Divorce Negotiation Tips for Women
By Rebecca Zung, Esq.
Your palms are sweating and your heart is pounding. Is it because you are at your 7th grade dance? No, it’s because you are getting ready to negotiate your own pay raise, or negotiate the purchase of your next automobile. Many women feel completely confident going to bat on behalf of their children, friends or family. But when it comes to advocating for ourselves – we stumble and crumble.
Studies consistently show that the gender gap exists in virtually every profession in every field. Female attorneys in large law firms today are actually making less on the male dollar now than they were a decade ago. MSNBC recently ran an article declaring that that “pesky gender pay gap exists for doctors too.”
Why don’t women feel confident in negotiation? It may be that as women, we have been socialized since the days of sitting on the kindergarten floor while our teachers elicited responses to questions.
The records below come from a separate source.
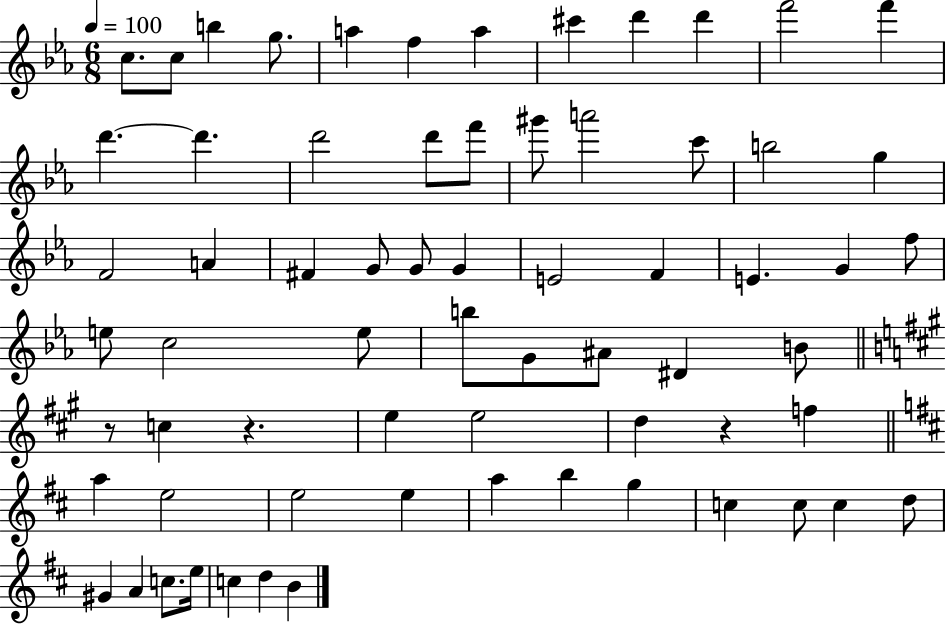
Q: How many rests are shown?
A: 3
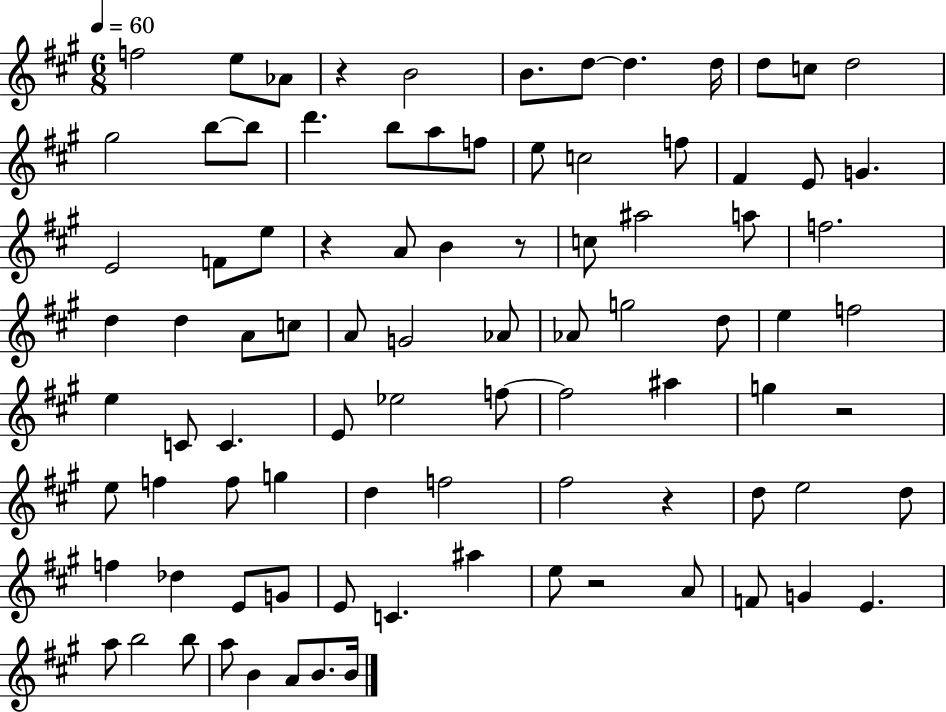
F5/h E5/e Ab4/e R/q B4/h B4/e. D5/e D5/q. D5/s D5/e C5/e D5/h G#5/h B5/e B5/e D6/q. B5/e A5/e F5/e E5/e C5/h F5/e F#4/q E4/e G4/q. E4/h F4/e E5/e R/q A4/e B4/q R/e C5/e A#5/h A5/e F5/h. D5/q D5/q A4/e C5/e A4/e G4/h Ab4/e Ab4/e G5/h D5/e E5/q F5/h E5/q C4/e C4/q. E4/e Eb5/h F5/e F5/h A#5/q G5/q R/h E5/e F5/q F5/e G5/q D5/q F5/h F#5/h R/q D5/e E5/h D5/e F5/q Db5/q E4/e G4/e E4/e C4/q. A#5/q E5/e R/h A4/e F4/e G4/q E4/q. A5/e B5/h B5/e A5/e B4/q A4/e B4/e. B4/s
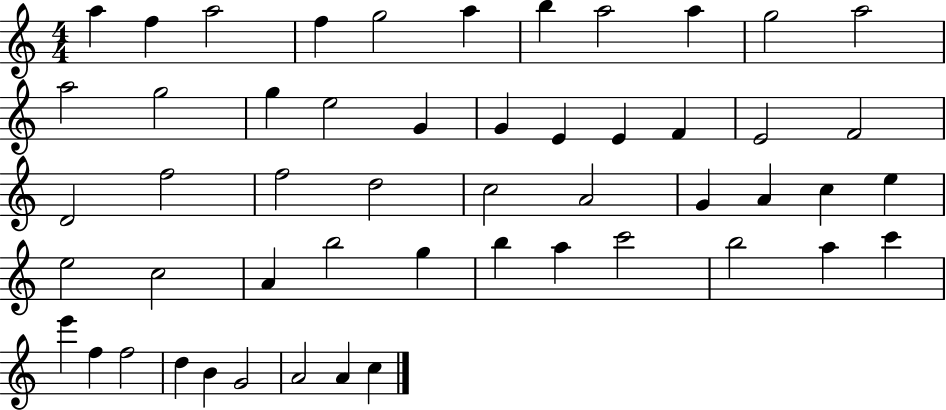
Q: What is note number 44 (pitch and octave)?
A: E6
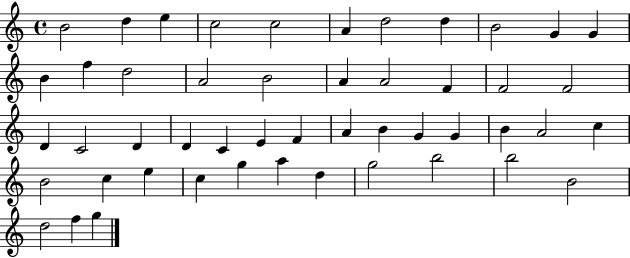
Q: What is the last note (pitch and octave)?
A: G5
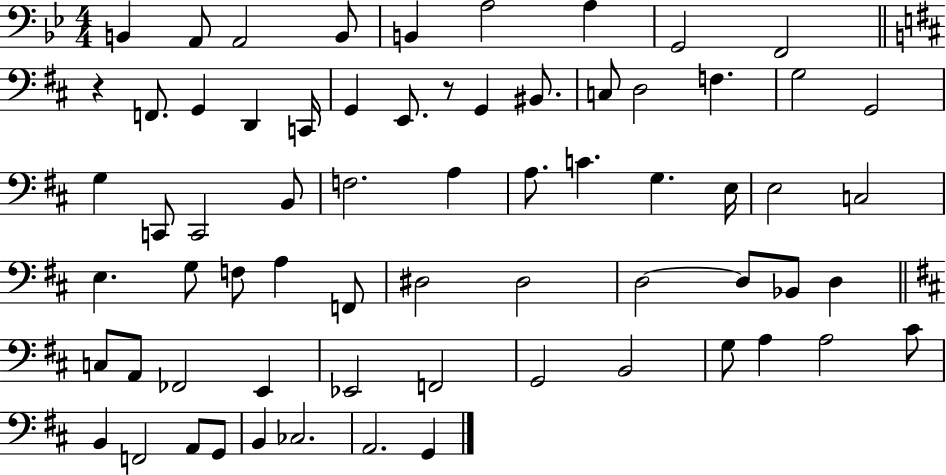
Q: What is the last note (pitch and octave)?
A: G2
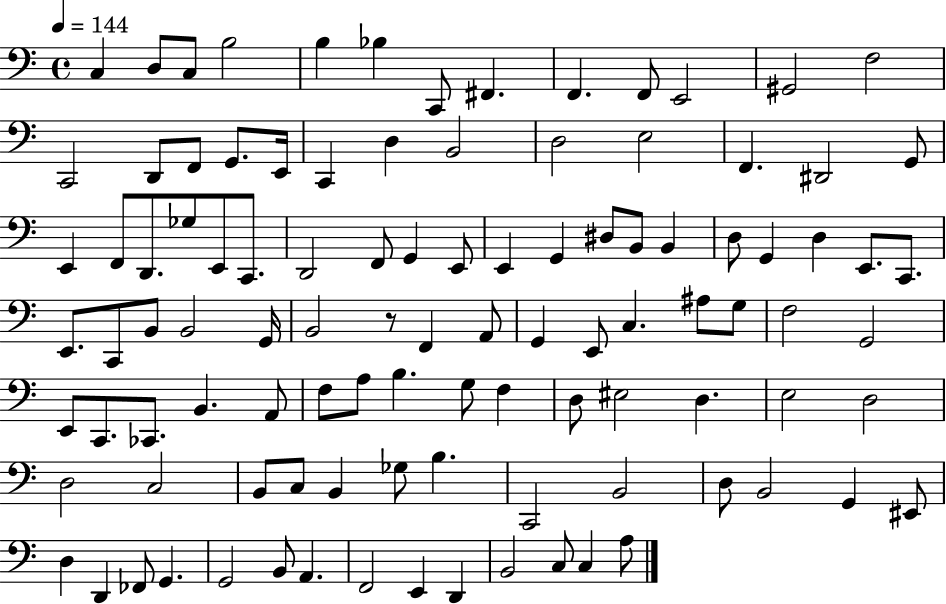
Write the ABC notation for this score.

X:1
T:Untitled
M:4/4
L:1/4
K:C
C, D,/2 C,/2 B,2 B, _B, C,,/2 ^F,, F,, F,,/2 E,,2 ^G,,2 F,2 C,,2 D,,/2 F,,/2 G,,/2 E,,/4 C,, D, B,,2 D,2 E,2 F,, ^D,,2 G,,/2 E,, F,,/2 D,,/2 _G,/2 E,,/2 C,,/2 D,,2 F,,/2 G,, E,,/2 E,, G,, ^D,/2 B,,/2 B,, D,/2 G,, D, E,,/2 C,,/2 E,,/2 C,,/2 B,,/2 B,,2 G,,/4 B,,2 z/2 F,, A,,/2 G,, E,,/2 C, ^A,/2 G,/2 F,2 G,,2 E,,/2 C,,/2 _C,,/2 B,, A,,/2 F,/2 A,/2 B, G,/2 F, D,/2 ^E,2 D, E,2 D,2 D,2 C,2 B,,/2 C,/2 B,, _G,/2 B, C,,2 B,,2 D,/2 B,,2 G,, ^E,,/2 D, D,, _F,,/2 G,, G,,2 B,,/2 A,, F,,2 E,, D,, B,,2 C,/2 C, A,/2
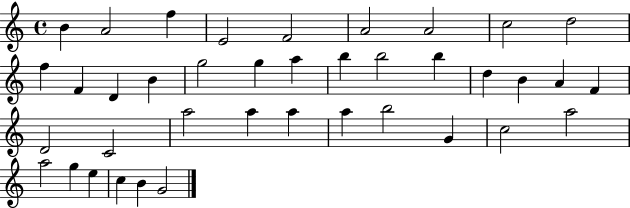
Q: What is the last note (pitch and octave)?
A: G4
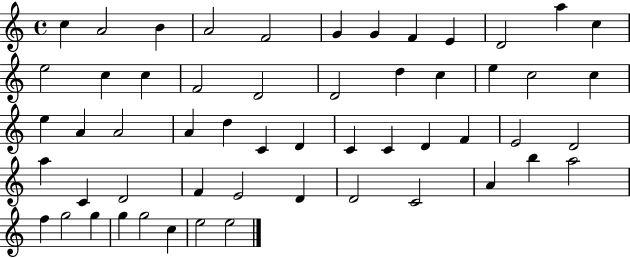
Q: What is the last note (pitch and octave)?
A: E5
The overly “expressive” girls were reminded to act like “ladies.” It may be a lack of confidence, not wanting to make waves, or worst of all, undervaluing ourselves. And yet, it is such an essential skill. We are negotiating in our daily lives constantly; in real estate, in business, in our work, in our marriage, with our children.
I Feel Confident
Your confidence level begins long before you enter into the actual negotiations. Start by knowing your topic inside and out. If you are buying a car, know what the dealer paid for it, what the trade-in value is and the retail value. If you are negotiating a raise, know what the going rate is for your position either at your firm or a similar one. Knowledge is your friend in this process. Also, prepare yourself physically. Choose an outfit that you love and know you look fabulous in. Do your hair and make-up. When you feel great, it shines through.
Preparation is the Key
Research is just one of the ways to prepare. It is also critical to know the other side’s position and why they may take that position. Be ready to address any points they may have. It is also important to have a range. Know what your best case scenario is and what your worst case scenario may be by knowing the strengths and weaknesses of your argument. A key point is to know your “choke point” before going in – and that means knowing ahead of time the point at which you will stand up and walk away - with your dignity fully intact.
During the Negotiation Process
When you go in to the process, have a list of what you want. Ask for a lot and expect less. Knowing what triggers upset for you is another important aspect to consider. Keeping your emotions in check and remaining calm is essential to maintain control of the overall process. Remember to come across as no-nonsense, confident and matter-of-fact. Never appear that you are worried, pleading or intimidated, even if your knees are knocking as you walk in.
It is essential to know your value and be ready to stand your ground for it. If your meeting is with your boss, prepare a summary of the contributions and value that you have made to the company. Be as specific as you can be. Then present those with no apologies, from a position of strength. Quality people are essential to a business, so you may even be more valuable to your company than the company is to you.
Before you leave the table, be sure to memorialize your agreement in writing and get it signed.
One last point to remember – trust your gut. We as women have a very powerful intuition. If it feels wrong, it probably is wrong. The wrong reasons to agree are because you don’t want to “make waves”, because you don’t want someone to be mad at you, or worst of all, just because they harassed you into it and you just want it be over. Don’t agree to something that you don’t truly know instinctively is the absolutely best and right thing for yourself. You will regret it instantly and the resentment will gnaw at you and fester, robbing you from the closure you were seeking anyway.
In every moment, you and you alone, have the power to decide what your reality is and will be. And remember - other people will only value you to the level that you value yourself.